Bu değişimi anlamazsak, tarihin yanlış tarafında yer alırız ve değişimi ıskalarız.
Size bu değişen jeopolitiği anlatayım.
Altın Momentum
Suriye’de bir devrim yaşandı ve 11 günde 61 yıllık Baas rejimi çöktü.
Ve bir dönem “terör örgütü” denen ekip Şam’da herkesi şaşırtan başarılı bir yönetim sergilemeye başladı.
Bu nasıl olabilir?
Suriye’ye gidip geldikten sonra bana şaşkınlıkla en çok sorulan sorulardan biri bu oldu.
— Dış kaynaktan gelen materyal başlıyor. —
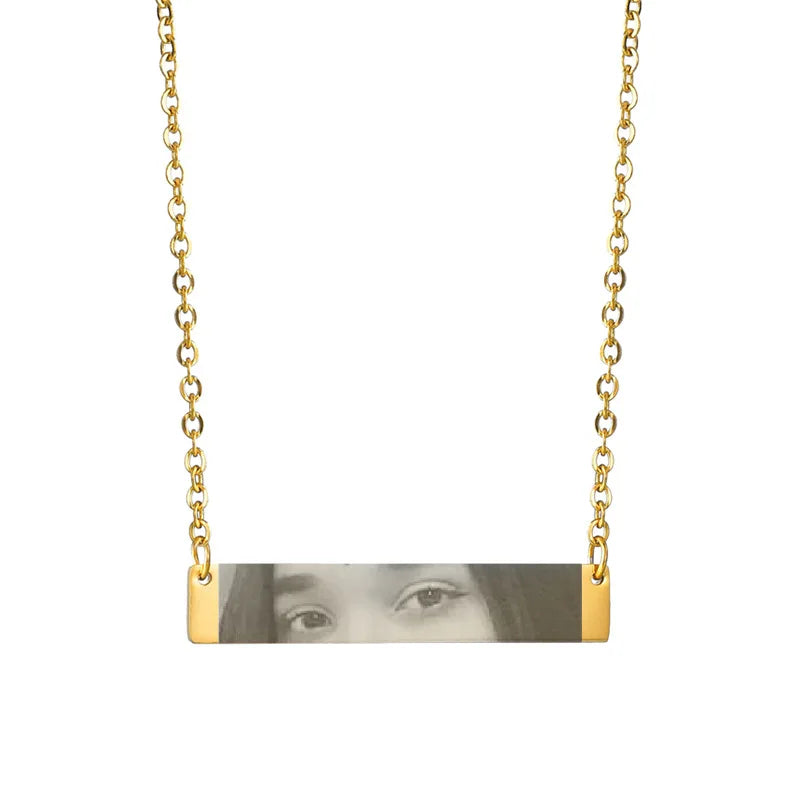 Custom Eyes Photo Necklace Stainless Stee Customized Engrave Eye Necklaces Personalized Picture Name Necklace for Women Kids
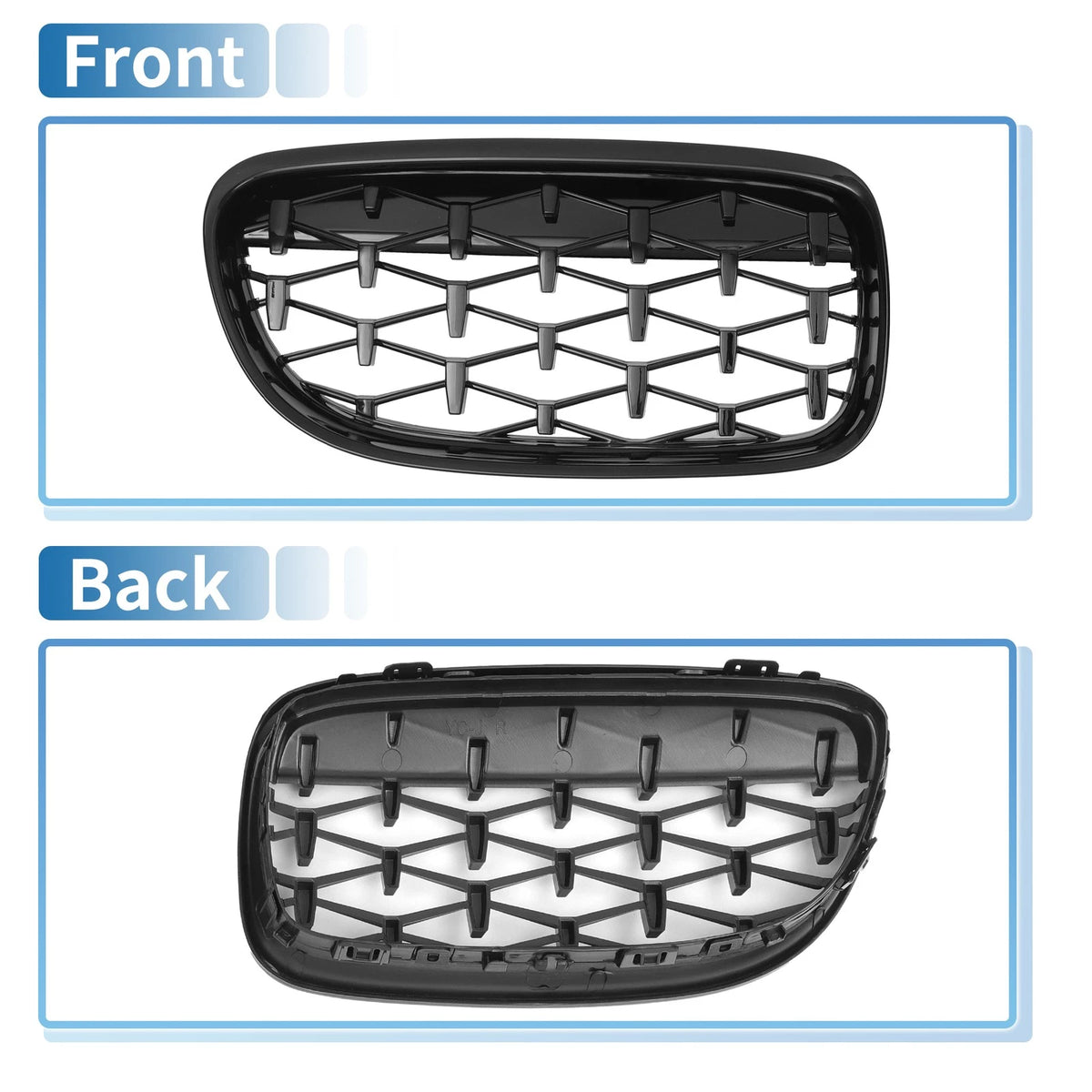 Front Hood Bumper Grille for BMW 335d 328i 335i xDrive E90 Black Pair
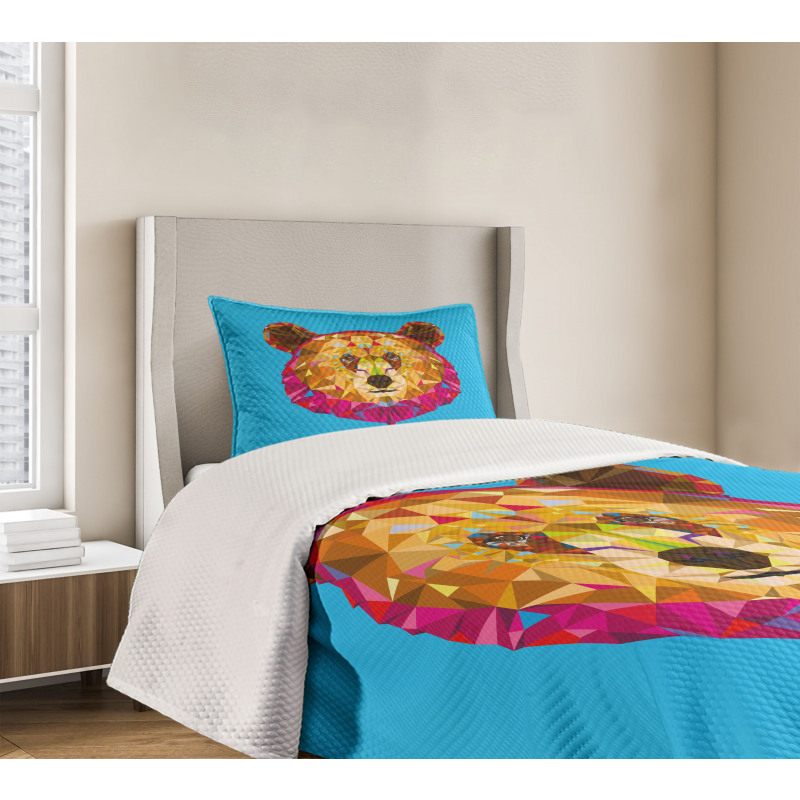 Geometric Head Poly Effect Bedspread Set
Tüm bu şaşkınlıkların sebebi değişen jeopolitik durumu tam anlayamamaktan kaynaklanıyor.
Jeopolitik değişti ama nasıl bu kadar hızlı değişebildi peki?
Ben bunu “altın momentum” olarak tanımlıyorum. Yani birçok etkenin aynı zaman diliminde bir araya gelmesi ve hızlı bir anafor oluşturarak etrafını değiştirmesi.
Daha net ifadeyle; bölgedeki Rusya, İran, Hizbullah ve Esed rejiminin aynı zaman diliminde sahada gücünü kaybetmesi, ABD’de yönetimin değişmesi ve İsrail’in saldırganlığı ile bir araya geldiğinden jeopolitik beklenmedik biçimde değişti.
Suriye muhalefeti bu altın momentumda ortaya çıkan boşluğu hızlı bir şekilde doldurdu ve 11 günde tarihin akışını başka şekilde değiştirdi.
Değişimin Tetikleyicisi Gazze
Yahya Sinvar’a yapacağı eylemin Netanyahu iktidarını değil de Esed rejimini devireceğini söyleselerdi buna inanmazdı sanırım. Sinvar değil sadece, kimse buna inanmazdı.
Ancak 7 Ekim’de gerçekleşen o meşhur eylem, bölgede birikmiş enerjiyi öylesine güçlü şekilde ortaya çıkardı ki, yaşanan depremin etkisi Suriye’de rejimin düşmesine, bölgedeki ittifakların bir anda değişmesine ve bambaşka bir tablonun ortaya çıkmasına neden oldu.
Gerilmiş bir yayın boşalması gibi İran, Rusya, Hizbullah ve Esed rejimi sonrası tüm devletler hızlı biçimde yön değiştirdi ve ortam farklılaştı.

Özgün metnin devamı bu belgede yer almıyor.